Start of Block

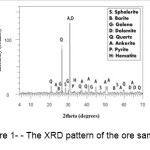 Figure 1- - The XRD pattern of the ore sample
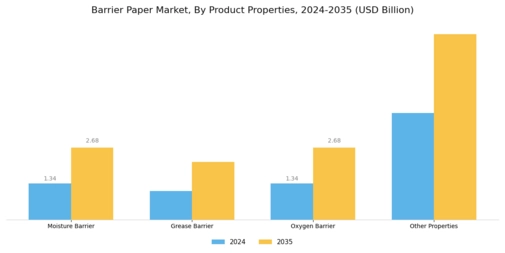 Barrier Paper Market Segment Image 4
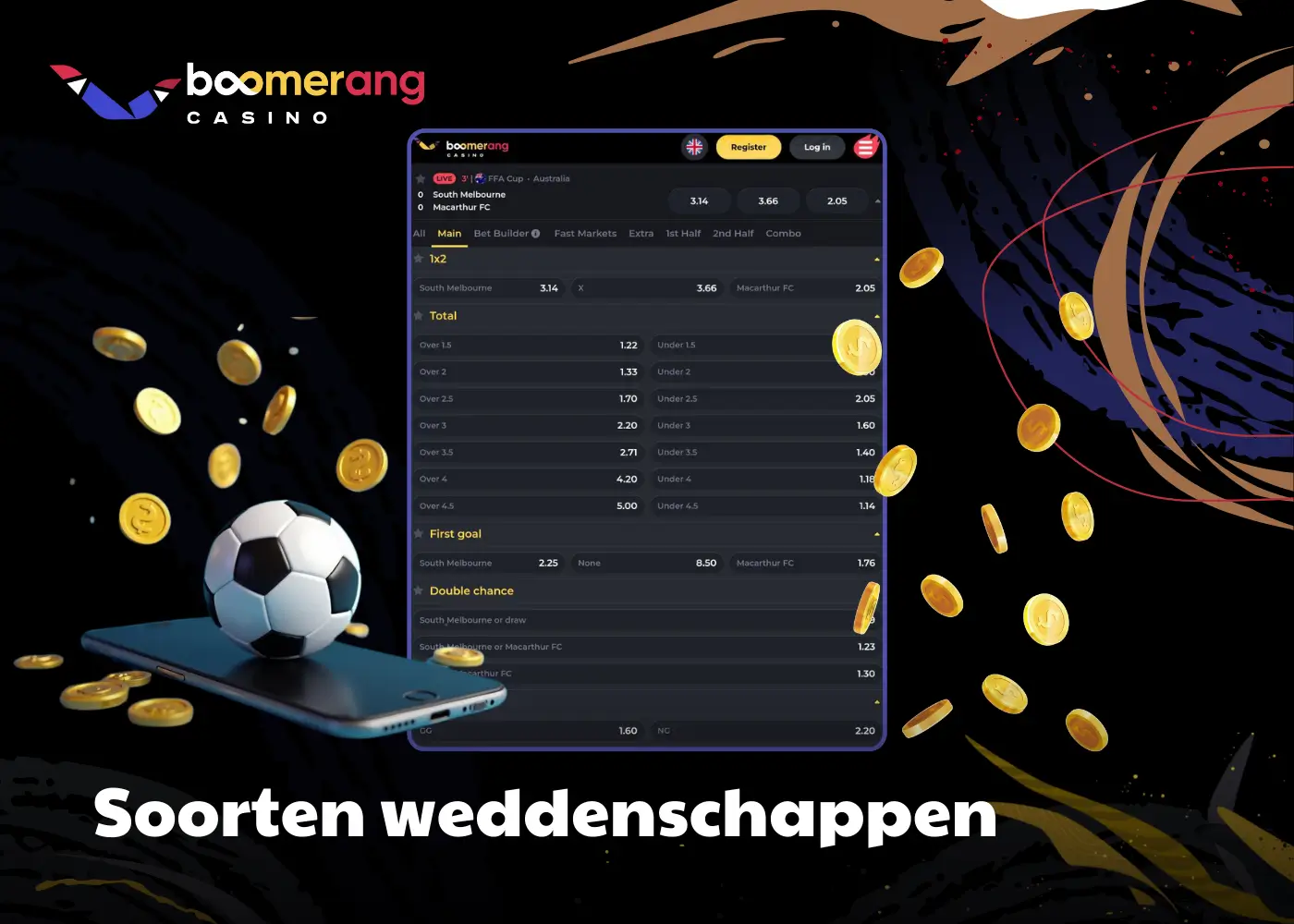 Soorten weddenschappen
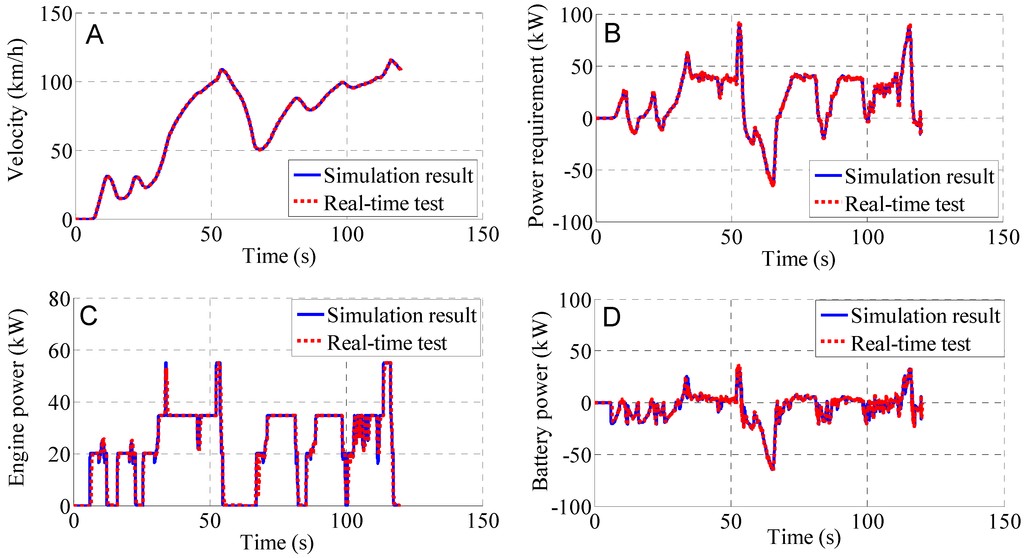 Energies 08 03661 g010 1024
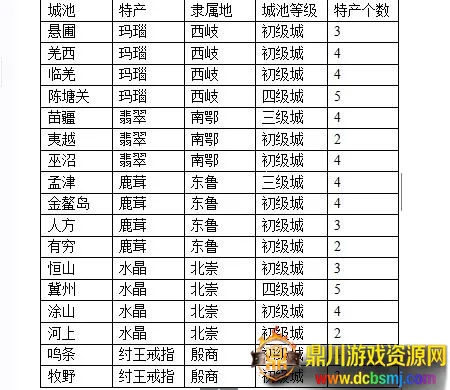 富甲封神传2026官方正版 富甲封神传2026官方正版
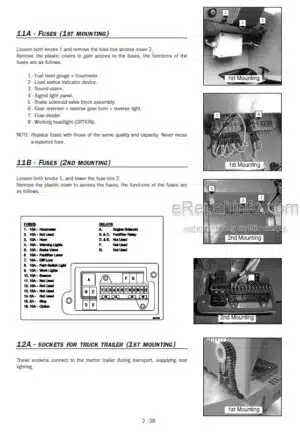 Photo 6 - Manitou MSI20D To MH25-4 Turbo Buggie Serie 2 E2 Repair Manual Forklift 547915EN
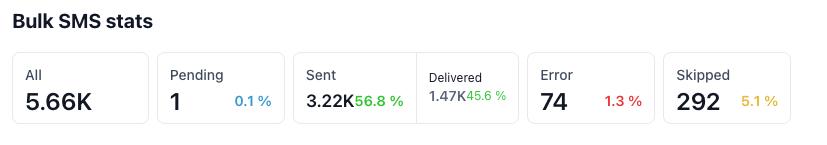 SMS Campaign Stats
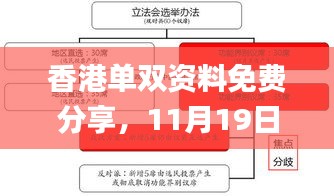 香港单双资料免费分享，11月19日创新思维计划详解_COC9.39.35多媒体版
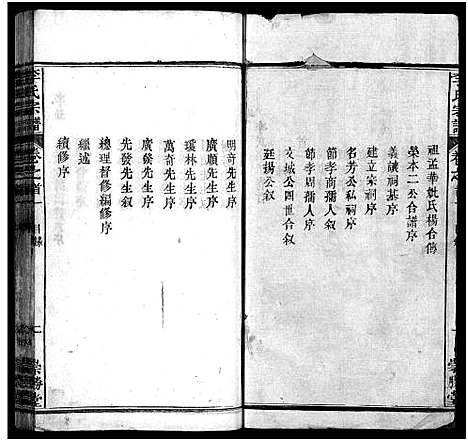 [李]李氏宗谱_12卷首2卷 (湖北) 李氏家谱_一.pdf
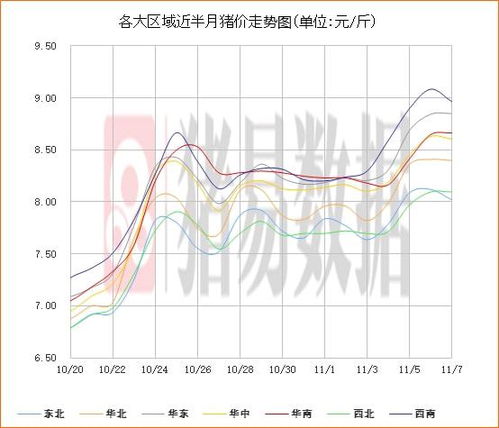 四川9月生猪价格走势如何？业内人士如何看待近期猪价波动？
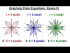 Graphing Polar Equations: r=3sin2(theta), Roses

End of Block

Problem to work on -
Nothing but the lines from the one containing "富甲封神传2026官方正版 富甲封神传2026官方正版" through the last line of the material may appear in the answer, transcribed exactly and with no pictures.

Answer -
 富甲封神传2026官方正版 富甲封神传2026官方正版
 Photo 6 - Manitou MSI20D To MH25-4 Turbo Buggie Serie 2 E2 Repair Manual Forklift 547915EN
 SMS Campaign Stats
 香港单双资料免费分享，11月19日创新思维计划详解_COC9.39.35多媒体版
 [李]李氏宗谱_12卷首2卷 (湖北) 李氏家谱_一.pdf
 四川9月生猪价格走势如何？业内人士如何看待近期猪价波动？
 Graphing Polar Equations: r=3sin2(theta), Roses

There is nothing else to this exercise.